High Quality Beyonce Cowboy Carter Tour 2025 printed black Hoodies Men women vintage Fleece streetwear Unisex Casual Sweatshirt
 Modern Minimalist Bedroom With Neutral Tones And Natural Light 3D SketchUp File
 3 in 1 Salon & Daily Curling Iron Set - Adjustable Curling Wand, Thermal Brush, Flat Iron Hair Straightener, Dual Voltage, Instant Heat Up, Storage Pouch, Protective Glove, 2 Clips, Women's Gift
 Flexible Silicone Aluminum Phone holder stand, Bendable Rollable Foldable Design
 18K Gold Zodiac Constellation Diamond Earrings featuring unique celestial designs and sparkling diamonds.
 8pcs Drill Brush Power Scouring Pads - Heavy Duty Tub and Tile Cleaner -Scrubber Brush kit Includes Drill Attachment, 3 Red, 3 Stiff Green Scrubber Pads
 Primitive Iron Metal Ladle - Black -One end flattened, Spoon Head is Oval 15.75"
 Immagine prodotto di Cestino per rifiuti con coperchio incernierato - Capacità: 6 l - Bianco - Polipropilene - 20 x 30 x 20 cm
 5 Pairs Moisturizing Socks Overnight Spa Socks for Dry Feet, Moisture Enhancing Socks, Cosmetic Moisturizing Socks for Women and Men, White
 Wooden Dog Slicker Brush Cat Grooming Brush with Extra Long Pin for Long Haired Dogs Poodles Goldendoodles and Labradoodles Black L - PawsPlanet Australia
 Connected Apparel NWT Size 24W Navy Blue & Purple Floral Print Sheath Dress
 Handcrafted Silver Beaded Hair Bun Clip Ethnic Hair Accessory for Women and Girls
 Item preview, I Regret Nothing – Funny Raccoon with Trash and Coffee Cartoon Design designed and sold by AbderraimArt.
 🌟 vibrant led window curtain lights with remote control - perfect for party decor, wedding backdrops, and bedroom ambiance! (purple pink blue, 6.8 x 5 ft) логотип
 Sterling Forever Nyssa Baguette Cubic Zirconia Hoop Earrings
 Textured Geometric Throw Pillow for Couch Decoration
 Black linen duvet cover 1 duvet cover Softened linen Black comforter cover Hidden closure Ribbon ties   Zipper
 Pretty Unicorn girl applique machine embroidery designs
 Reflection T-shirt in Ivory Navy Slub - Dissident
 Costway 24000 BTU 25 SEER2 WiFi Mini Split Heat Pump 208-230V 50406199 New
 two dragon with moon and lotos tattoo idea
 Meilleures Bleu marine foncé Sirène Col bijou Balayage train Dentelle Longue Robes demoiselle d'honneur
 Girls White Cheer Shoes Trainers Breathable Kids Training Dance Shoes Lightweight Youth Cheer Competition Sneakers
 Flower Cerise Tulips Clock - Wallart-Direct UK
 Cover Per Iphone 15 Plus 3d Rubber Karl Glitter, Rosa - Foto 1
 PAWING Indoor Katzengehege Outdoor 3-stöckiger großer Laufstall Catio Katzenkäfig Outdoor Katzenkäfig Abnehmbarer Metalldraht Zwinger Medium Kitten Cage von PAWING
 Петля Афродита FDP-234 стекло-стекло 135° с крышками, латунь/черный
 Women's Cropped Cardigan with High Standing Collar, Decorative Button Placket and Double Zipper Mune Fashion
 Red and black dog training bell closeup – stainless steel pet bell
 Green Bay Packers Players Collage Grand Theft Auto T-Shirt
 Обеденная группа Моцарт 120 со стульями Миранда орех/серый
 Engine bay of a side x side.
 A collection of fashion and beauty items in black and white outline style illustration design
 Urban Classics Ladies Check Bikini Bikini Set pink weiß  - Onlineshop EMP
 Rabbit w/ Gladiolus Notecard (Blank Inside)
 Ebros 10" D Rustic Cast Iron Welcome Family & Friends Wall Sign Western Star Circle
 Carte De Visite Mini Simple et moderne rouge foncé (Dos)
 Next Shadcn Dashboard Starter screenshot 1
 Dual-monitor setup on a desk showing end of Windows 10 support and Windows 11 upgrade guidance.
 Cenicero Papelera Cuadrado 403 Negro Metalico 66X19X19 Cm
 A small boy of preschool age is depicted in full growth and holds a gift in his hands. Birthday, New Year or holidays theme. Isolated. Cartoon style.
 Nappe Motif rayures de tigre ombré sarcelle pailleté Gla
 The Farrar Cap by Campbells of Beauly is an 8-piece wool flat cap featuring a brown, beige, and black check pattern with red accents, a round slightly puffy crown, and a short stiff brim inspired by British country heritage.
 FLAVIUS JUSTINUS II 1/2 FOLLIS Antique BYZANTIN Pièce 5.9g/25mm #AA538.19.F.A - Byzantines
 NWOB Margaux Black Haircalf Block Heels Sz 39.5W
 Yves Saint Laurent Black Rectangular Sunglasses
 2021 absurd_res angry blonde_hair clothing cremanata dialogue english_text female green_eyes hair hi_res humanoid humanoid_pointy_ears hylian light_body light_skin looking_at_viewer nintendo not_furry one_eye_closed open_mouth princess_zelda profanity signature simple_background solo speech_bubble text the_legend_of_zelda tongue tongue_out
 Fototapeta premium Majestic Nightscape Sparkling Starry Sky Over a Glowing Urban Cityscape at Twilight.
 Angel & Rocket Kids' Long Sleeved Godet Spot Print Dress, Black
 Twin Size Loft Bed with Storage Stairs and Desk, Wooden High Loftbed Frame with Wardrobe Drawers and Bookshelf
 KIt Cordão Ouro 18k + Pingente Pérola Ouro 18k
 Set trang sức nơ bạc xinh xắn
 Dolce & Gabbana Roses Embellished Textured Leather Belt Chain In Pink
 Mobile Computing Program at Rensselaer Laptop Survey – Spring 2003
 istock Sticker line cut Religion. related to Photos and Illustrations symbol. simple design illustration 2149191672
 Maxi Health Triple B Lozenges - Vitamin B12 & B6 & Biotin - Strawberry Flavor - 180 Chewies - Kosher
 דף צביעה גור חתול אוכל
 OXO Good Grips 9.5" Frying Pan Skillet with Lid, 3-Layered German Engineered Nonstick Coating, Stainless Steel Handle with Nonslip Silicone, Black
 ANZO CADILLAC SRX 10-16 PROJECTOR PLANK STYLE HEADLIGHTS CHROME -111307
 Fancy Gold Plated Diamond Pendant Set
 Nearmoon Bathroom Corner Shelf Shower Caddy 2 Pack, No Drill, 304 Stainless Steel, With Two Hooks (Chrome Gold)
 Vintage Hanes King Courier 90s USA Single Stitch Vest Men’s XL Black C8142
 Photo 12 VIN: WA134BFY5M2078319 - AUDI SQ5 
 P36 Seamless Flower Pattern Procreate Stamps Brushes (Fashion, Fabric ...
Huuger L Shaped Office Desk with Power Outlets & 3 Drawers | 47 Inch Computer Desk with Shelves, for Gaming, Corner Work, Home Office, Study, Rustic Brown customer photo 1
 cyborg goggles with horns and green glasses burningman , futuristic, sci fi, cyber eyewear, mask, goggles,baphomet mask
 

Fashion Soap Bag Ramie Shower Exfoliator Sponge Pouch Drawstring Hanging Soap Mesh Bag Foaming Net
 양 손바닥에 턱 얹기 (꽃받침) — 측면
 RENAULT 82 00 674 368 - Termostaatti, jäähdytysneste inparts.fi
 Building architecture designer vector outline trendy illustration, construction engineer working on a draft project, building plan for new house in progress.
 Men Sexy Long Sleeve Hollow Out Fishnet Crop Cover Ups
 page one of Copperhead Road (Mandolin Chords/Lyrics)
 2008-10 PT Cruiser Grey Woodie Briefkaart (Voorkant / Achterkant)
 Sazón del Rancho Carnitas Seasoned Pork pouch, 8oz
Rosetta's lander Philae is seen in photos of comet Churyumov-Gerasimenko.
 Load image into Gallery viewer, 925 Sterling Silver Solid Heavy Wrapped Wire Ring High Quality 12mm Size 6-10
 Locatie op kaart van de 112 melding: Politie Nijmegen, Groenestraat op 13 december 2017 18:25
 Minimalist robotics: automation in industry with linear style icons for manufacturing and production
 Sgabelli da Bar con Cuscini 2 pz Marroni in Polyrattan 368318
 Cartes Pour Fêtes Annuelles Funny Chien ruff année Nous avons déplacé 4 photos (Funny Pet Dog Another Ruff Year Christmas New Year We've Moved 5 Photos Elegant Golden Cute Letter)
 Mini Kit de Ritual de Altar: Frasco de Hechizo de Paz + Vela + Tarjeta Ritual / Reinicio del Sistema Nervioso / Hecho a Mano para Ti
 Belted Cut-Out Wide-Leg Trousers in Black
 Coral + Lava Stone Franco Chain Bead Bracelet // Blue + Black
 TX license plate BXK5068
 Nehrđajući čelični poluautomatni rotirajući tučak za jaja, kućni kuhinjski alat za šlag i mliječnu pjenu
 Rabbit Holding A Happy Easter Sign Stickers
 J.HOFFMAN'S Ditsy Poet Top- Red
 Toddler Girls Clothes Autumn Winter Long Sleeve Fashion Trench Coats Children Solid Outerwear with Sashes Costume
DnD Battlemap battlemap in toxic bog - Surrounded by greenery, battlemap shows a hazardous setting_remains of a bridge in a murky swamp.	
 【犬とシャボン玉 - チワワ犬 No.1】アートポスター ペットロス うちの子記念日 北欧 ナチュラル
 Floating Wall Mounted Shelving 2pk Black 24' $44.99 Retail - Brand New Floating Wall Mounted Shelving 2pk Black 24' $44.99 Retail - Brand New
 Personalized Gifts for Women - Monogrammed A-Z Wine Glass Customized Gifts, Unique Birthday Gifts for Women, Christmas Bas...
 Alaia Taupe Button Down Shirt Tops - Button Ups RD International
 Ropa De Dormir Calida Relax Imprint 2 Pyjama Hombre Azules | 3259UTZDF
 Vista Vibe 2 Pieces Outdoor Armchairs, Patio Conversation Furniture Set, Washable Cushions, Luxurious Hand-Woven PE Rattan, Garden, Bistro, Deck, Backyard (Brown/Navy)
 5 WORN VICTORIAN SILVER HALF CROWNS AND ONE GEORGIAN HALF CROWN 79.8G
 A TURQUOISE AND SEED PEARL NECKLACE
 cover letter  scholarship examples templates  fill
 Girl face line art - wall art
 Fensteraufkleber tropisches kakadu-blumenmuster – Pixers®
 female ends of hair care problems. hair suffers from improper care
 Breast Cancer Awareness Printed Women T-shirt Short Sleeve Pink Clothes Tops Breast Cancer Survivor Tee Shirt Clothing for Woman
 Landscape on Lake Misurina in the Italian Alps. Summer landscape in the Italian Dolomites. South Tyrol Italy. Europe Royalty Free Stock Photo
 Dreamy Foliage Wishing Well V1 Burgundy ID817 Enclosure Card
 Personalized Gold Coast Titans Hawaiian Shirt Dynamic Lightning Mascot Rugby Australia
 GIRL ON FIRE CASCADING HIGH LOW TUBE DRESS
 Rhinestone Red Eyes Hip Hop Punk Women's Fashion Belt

* **AIM OF THE EXERCISE**
Look through the data above for the string "Wooden" and copy every line where it appears.

* **YOUR RESPONSE**
 Wooden Dog Slicker Brush Cat Grooming Brush with Extra Long Pin for Long Haired Dogs Poodles Goldendoodles and Labradoodles Black L - PawsPlanet Australia
 Twin Size Loft Bed with Storage Stairs and Desk, Wooden High Loftbed Frame with Wardrobe Drawers and Bookshelf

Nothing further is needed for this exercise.